Everyone's a Cost Cutter
How do you make a complex business strategy relevant to your small business? That was the challenge faced by Steve and Diane Warren, co-owners of Katzinger's Delicatessen, a $2 million deli in Columbus, Ohio. In 1995 the two attended a seminar on open-book management, a strategy that involves teaching employees about a company's financials and sharing the rewards with them when the company's performance improves. Sounds good, right? It's actually hard to do effectively, the Warrens found. Steve Warren shared the company's financials with managers as soon as he got back to the deli, yet food costs--which he wanted to keep below 35% of sales--continued to grow.
It was then that he realized he would have to tinker with the typical open-book strategy. "The restaurant business is kind of different," he says. "Some of our workers are young kids who aren't that responsible because they don't have a mortgage to pay.
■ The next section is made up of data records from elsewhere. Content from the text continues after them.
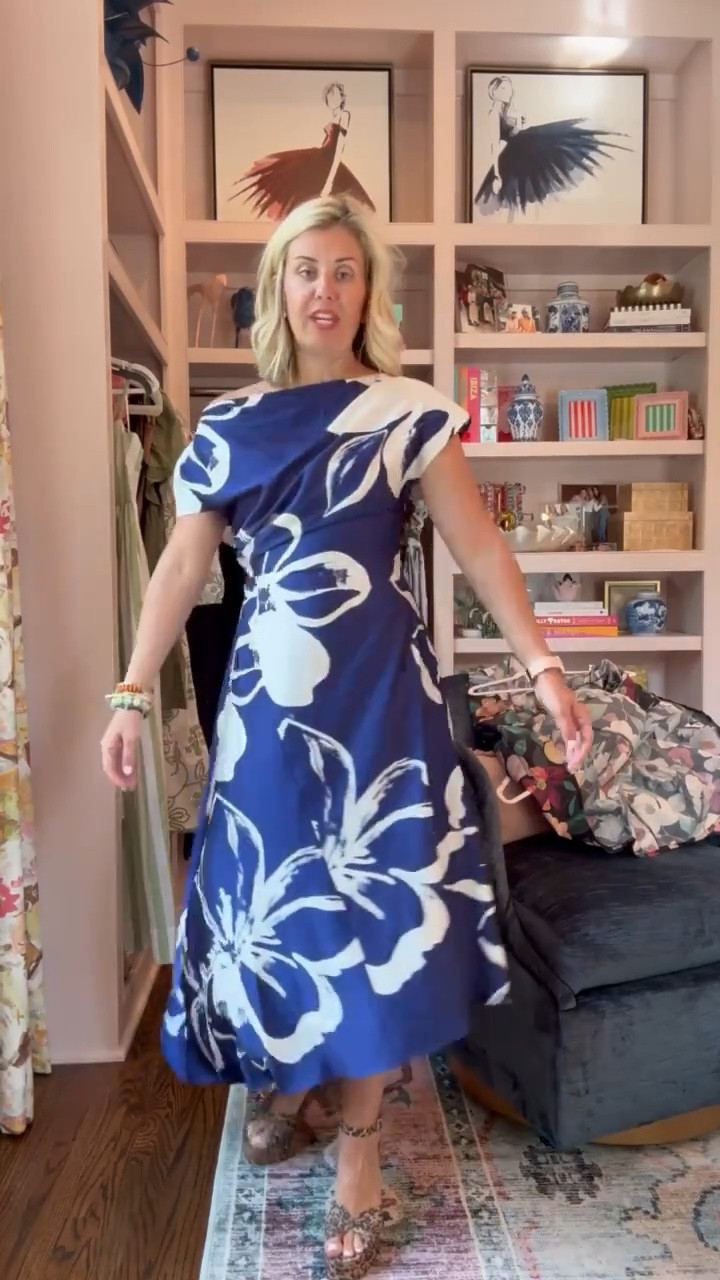 What an easy to wear and flattering dress!! I’m loving this one! I’m in a small dress and 8 heels tts.

#LTKdayinmylife #LTKOver40 #LTKPetite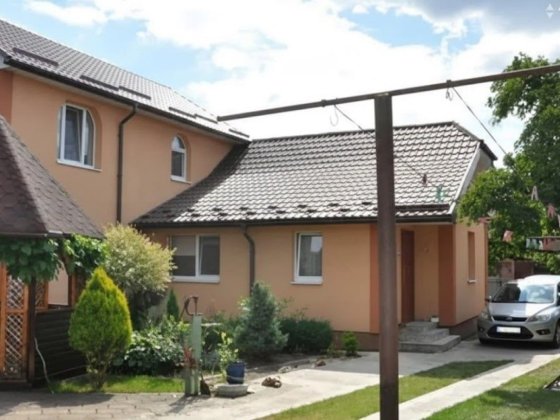 Просторий будинок на 10 сотках з двома окремими входами Івано-Франківськ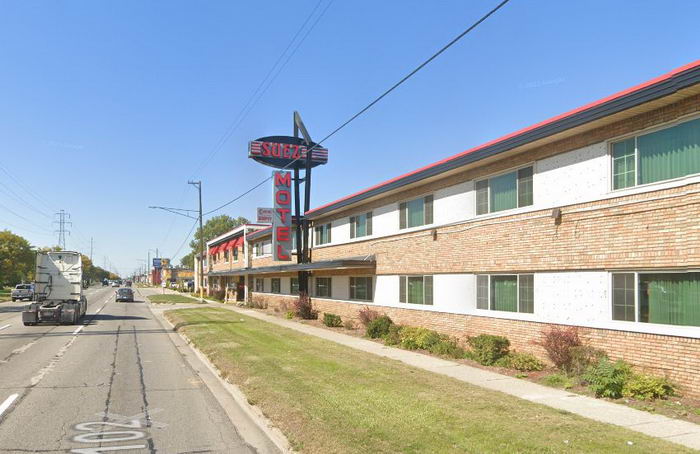 Suez Motel - 2021 Street View (newer photo)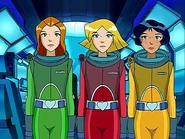 Spies spacesuits S3.png (6.7 MB)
Plus, turnover is pretty high." The Warrens decided they would have to focus not on the company's big financial picture but on a short-term, simple goal that could energize a young, mobile workforce.
So in August 1996 the Warrens proposed a simple game: help us reduce food costs, they told their employees, and we'll split the savings with you. The only two rules: Don't sacrifice food quality or portion size, and make sure that customers get the service they require. It worked. "Our costs got in line immediately, and consistency improved," Steve Warren says. At the end of a year, Katzinger's had indeed reduced its food costs to below 35% of sales--saving $30,000 in the process. Steve and Diane Warren happily distributed $15,000 of that to their 45-member staff and are now cooking up a new game. Its goal? To increase sales.